On April 26, 2010, Move, Inc. (the Company) completed a sale to SecondMarket, Inc., in a riskless
principal transaction, of the Companys entire portfolio of auction rate securities for
approximately $109.8 million in cash. These auction rate securities (ARS) are high-grade
(primarily AAA rated) student loan auction rate securities issued by student loan funding
organizations, which loans are 97% guaranteed under FFELP (Federal Family Education Loan Program).
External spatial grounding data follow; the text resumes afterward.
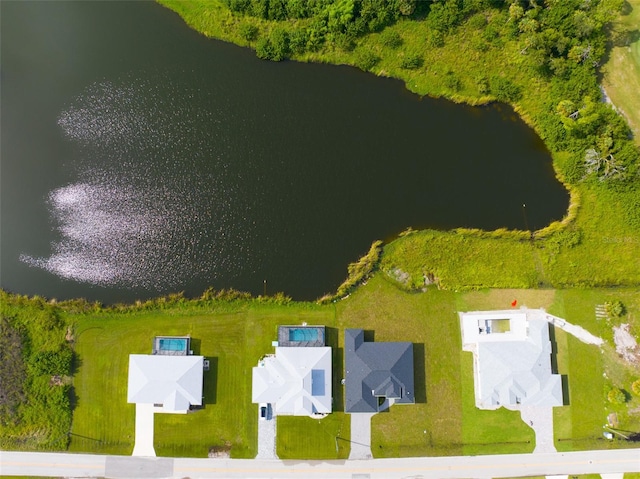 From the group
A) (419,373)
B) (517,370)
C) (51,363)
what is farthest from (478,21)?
(51,363)

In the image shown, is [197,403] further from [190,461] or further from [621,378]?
[621,378]

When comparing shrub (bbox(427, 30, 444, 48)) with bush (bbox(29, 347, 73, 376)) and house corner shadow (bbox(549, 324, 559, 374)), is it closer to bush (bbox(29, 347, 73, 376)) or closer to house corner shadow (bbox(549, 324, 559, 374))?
house corner shadow (bbox(549, 324, 559, 374))

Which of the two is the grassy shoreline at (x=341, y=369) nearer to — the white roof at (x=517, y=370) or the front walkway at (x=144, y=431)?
the front walkway at (x=144, y=431)

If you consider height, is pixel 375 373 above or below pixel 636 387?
above

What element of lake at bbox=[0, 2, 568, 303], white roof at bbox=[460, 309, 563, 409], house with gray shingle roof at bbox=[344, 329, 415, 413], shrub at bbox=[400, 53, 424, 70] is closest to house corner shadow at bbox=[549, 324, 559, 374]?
white roof at bbox=[460, 309, 563, 409]

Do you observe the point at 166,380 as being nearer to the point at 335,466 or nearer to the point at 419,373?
the point at 335,466

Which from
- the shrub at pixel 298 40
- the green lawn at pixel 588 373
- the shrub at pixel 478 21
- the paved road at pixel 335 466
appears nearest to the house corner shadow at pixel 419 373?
the paved road at pixel 335 466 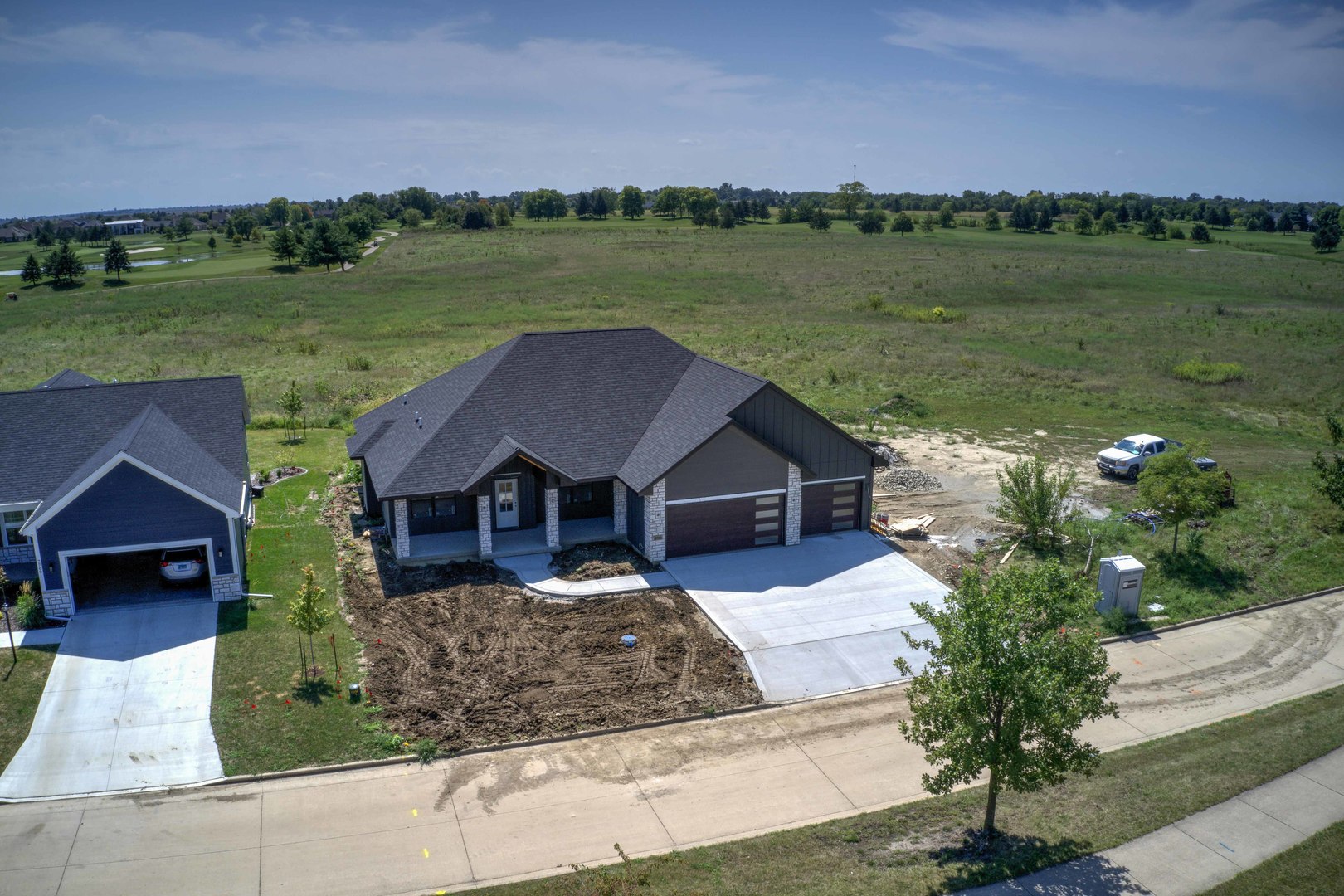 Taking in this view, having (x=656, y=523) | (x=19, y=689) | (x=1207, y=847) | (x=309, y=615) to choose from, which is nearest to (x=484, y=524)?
(x=656, y=523)

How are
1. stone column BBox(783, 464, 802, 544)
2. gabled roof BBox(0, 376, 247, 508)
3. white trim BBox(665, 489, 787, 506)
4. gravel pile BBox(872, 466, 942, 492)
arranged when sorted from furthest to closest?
gravel pile BBox(872, 466, 942, 492) < stone column BBox(783, 464, 802, 544) < white trim BBox(665, 489, 787, 506) < gabled roof BBox(0, 376, 247, 508)

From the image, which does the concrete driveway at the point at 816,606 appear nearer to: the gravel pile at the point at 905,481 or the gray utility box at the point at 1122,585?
the gray utility box at the point at 1122,585

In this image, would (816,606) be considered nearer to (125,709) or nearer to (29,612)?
(125,709)

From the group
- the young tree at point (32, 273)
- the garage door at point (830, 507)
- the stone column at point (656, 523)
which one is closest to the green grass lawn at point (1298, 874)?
the garage door at point (830, 507)

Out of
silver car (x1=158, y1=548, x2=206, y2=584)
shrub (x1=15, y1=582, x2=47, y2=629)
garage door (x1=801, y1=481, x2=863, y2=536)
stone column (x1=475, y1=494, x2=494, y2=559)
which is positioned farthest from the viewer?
garage door (x1=801, y1=481, x2=863, y2=536)

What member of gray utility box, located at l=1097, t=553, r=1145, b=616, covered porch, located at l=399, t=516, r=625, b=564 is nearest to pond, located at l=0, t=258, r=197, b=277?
covered porch, located at l=399, t=516, r=625, b=564

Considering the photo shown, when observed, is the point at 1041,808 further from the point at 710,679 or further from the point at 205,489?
the point at 205,489

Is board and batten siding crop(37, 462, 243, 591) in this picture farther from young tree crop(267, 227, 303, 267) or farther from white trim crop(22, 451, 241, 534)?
young tree crop(267, 227, 303, 267) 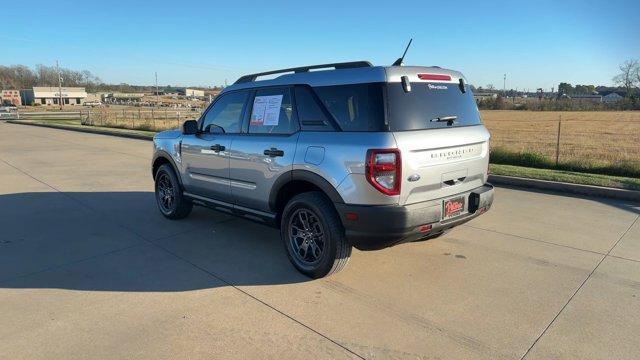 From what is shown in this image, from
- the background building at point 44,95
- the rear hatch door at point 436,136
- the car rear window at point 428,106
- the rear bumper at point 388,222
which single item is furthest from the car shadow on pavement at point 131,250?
the background building at point 44,95

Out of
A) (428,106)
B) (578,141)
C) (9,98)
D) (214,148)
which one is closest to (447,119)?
(428,106)

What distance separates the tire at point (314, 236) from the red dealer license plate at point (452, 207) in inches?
35.3

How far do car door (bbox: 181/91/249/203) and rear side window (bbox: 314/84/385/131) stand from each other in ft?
4.54

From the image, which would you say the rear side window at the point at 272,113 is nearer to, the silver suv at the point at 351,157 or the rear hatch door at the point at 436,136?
the silver suv at the point at 351,157

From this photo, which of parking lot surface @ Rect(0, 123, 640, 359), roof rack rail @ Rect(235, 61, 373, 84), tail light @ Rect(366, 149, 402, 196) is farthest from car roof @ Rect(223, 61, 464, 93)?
parking lot surface @ Rect(0, 123, 640, 359)

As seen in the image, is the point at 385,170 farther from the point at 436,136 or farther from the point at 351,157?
the point at 436,136

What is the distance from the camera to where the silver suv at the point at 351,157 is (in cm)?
361

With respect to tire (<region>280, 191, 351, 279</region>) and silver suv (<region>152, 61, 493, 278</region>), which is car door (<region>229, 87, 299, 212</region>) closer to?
silver suv (<region>152, 61, 493, 278</region>)

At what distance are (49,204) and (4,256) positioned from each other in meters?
2.61

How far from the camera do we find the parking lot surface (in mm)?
3072

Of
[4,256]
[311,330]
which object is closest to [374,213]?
[311,330]

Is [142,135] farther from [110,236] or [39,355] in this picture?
[39,355]

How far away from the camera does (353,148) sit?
3627 millimetres

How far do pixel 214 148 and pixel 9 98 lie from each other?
134 m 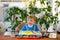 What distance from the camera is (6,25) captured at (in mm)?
1716

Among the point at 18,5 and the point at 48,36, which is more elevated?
the point at 18,5

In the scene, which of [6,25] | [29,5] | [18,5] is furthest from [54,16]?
[6,25]

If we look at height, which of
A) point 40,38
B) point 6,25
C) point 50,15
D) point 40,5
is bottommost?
point 40,38

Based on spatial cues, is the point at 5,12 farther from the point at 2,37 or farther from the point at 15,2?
the point at 2,37

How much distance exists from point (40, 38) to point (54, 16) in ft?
1.00

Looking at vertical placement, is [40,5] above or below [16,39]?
above

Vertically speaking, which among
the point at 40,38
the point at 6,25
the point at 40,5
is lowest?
the point at 40,38

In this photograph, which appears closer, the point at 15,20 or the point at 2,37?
the point at 2,37

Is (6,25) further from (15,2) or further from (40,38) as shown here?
(40,38)

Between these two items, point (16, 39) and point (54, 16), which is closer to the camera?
point (16, 39)

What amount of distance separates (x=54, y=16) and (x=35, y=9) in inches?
9.1

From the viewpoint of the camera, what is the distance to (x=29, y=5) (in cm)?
170

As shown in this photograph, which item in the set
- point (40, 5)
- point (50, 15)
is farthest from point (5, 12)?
point (50, 15)

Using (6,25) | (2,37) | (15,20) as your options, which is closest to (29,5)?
(15,20)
As reflected in the Companys annual report on Form 10-K for the period ended December 31, 2009,
filed with the SEC on March 5, 2010 (the 2009 Annual Report), the Companys ARS portfolio had a
par value of approximately $129.4 million and had an estimated fair value of approximately $111.8
million. The Company had recognized a temporary loss of approximately $17.6 million that was
included in Other Comprehensive Income on the balance sheet of the Company in accordance with
FASB Accounting Standards Codification 320 Investments Debt and Equity Securities and
related guidance issued by the FASB and SEC, as reflected in the 2009 Annual Report. The Company
will take a charge of approximately $20 million to its consolidated statements of operations for
the quarter ended March 31, 2010. The transaction costs of approximately $1 million associated
with this transaction will be recorded in the quarter ending June 30, 2010.